We don’t talk enough about friendship.

Friendship gives flavor to life. Rather than treating friendship as a nice-to-have luxury, reserved for people who have their lives in perfect order, we should cultivate friendship intentionally and treat it as the necessity it is. We need to be intentional in our pursuit of it, especially as we age.

Like a marriage, the best friendships require investment, compromise, and sacrifice. By creating shared alignment, trust, and companionship, strong friendships nourish the soul and sharpen the mind.


The Loneliness Epidemic

America’s loneliness epidemic is a direct result of the structure of American life. Work is changing and modern life keeps us distanced and disconnected from the people we love.

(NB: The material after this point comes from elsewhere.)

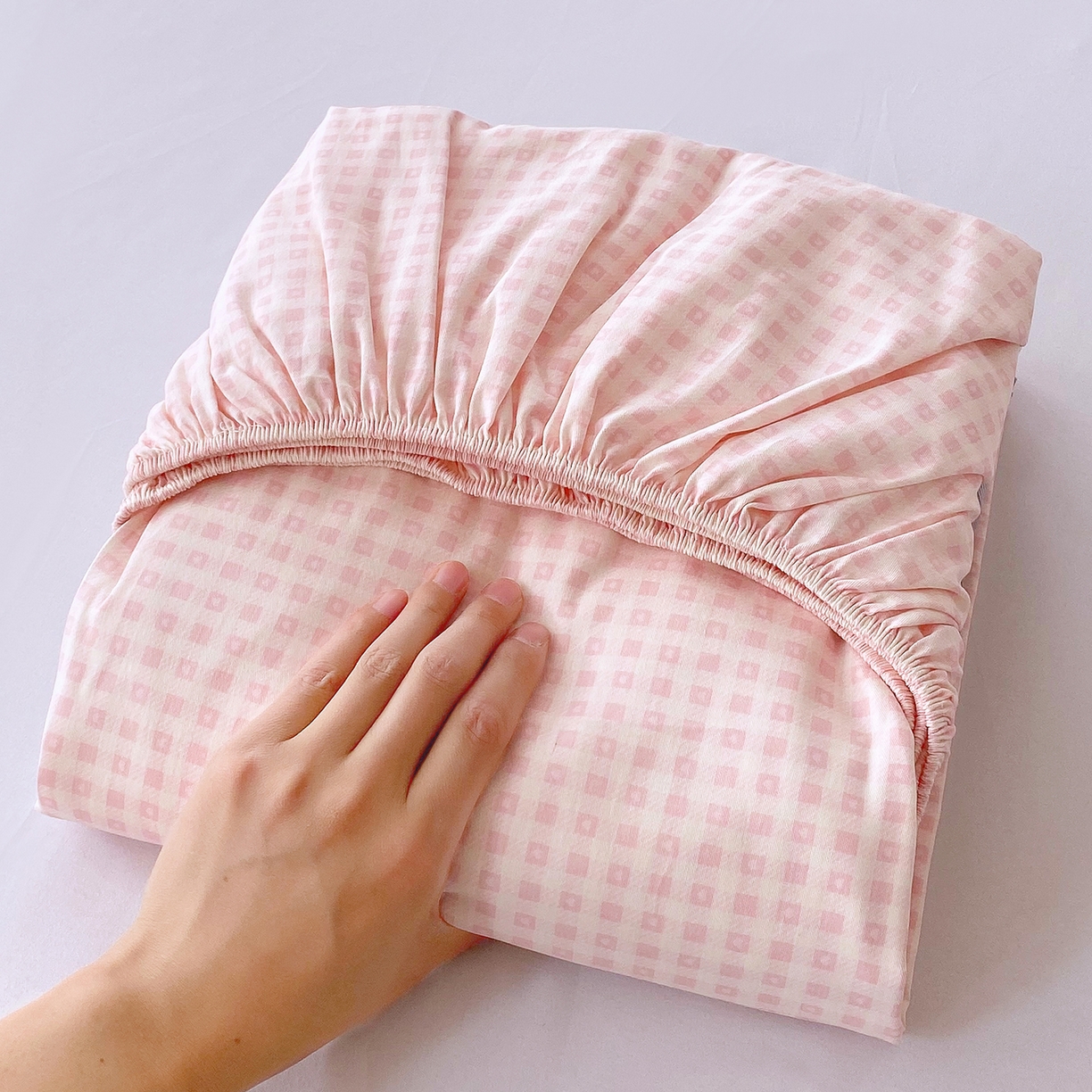 91家纺网 家纺一手货源 找家纺 金丝兔 2026新款纯棉印花单品床笠系列 粉小格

Loneliness plagues modern life. In big cities like New York, where I live, people lack community. In a city where everybody is chasing their dream with the focus of a hawk swooping down for the kill, it can be hard to forge deep relationships. We should reject the status quo.

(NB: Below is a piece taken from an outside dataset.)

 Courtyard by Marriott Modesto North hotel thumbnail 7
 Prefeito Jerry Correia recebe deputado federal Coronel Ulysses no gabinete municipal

Last summer, I moved into an apartment with a close friend. By living together, we could spend more time together. But after going more than 50 days without a meaningful conversation, we decided to schedule time together with a calendar invite. A calendar invite… for my roommate. What is going on?

Turns out, it isn’t just me. In a book called Bowling Alone, sociologist Robert Putnam studied the decline of social interactions in America through the lens of declining participation in labor unions, fraternal organizations, and religious groups. Putnam contrasts the struggles of building friendships in urban communities with “The Sprawl Civil Penalty,” which states that urban sprawl and suburbia lowers community involvement by roughly 20 percent. As a result, American communities have lower trust, reciprocity, information, and cooperation than they once did.

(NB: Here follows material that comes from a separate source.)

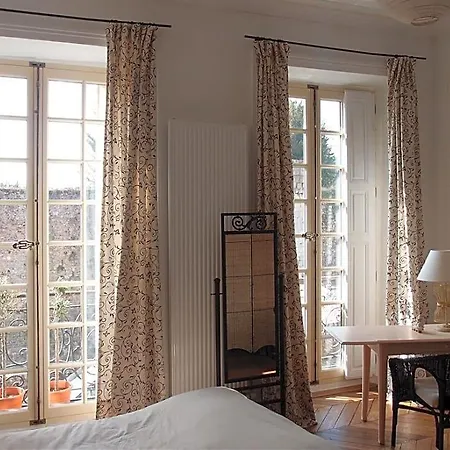 D'hote Du Chateau Bed & Breakfast 3*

The world Putnam describes is a long way away from the post-World War II American society, where big unions and tight neighborhoods ran the show. The hollowing out of friendship is tragic: and 25% of them have no confidants or close friends. None.

Zero.

The mobility of modern life doesn’t help. According to one longitudinal study which tracked best friend pairs, people moved 5.8 times on average over a period of 19 years. But people aren’t just moving more. They’re moving farther too. Epidemiologist David Bradley tracked the lifetime movement of four generations in his family. His great-grandfather’s entire life took place in a square of only 40 kilometers, his grandfather’s took place over 400, 4,000 for his father, and his own extended to every corner of the globe across 40,000 square kilometers. The geographic circle of life has expanded, so friendship strategies that depend on constant proximity are no longer effective. In the modern world, you cannot cultivate a strong, multi-decade circle of friends unless you are intentional about it.

I refuse to accept that weak friendships are the price of ambition and career success. In response, I’ve developed a philosophy of friendship.


Deep Bonds Take Time

I’m not talking about the temporary, friction-free relationships that social technologies make so easy. No. I’m talking about friendships where two identities merge. The kinds that stretch across decades, the kinds that blossom into extended family, and the kinds of friends who your kids call “Auntie” and “Uncle.”

Friendship is vital to your whole spirit — your being, your character, your mind, and your health. And yet, all too often, humans don’t realize what’s essential until they are in trouble, so they dismiss the power of friendship when things are going well.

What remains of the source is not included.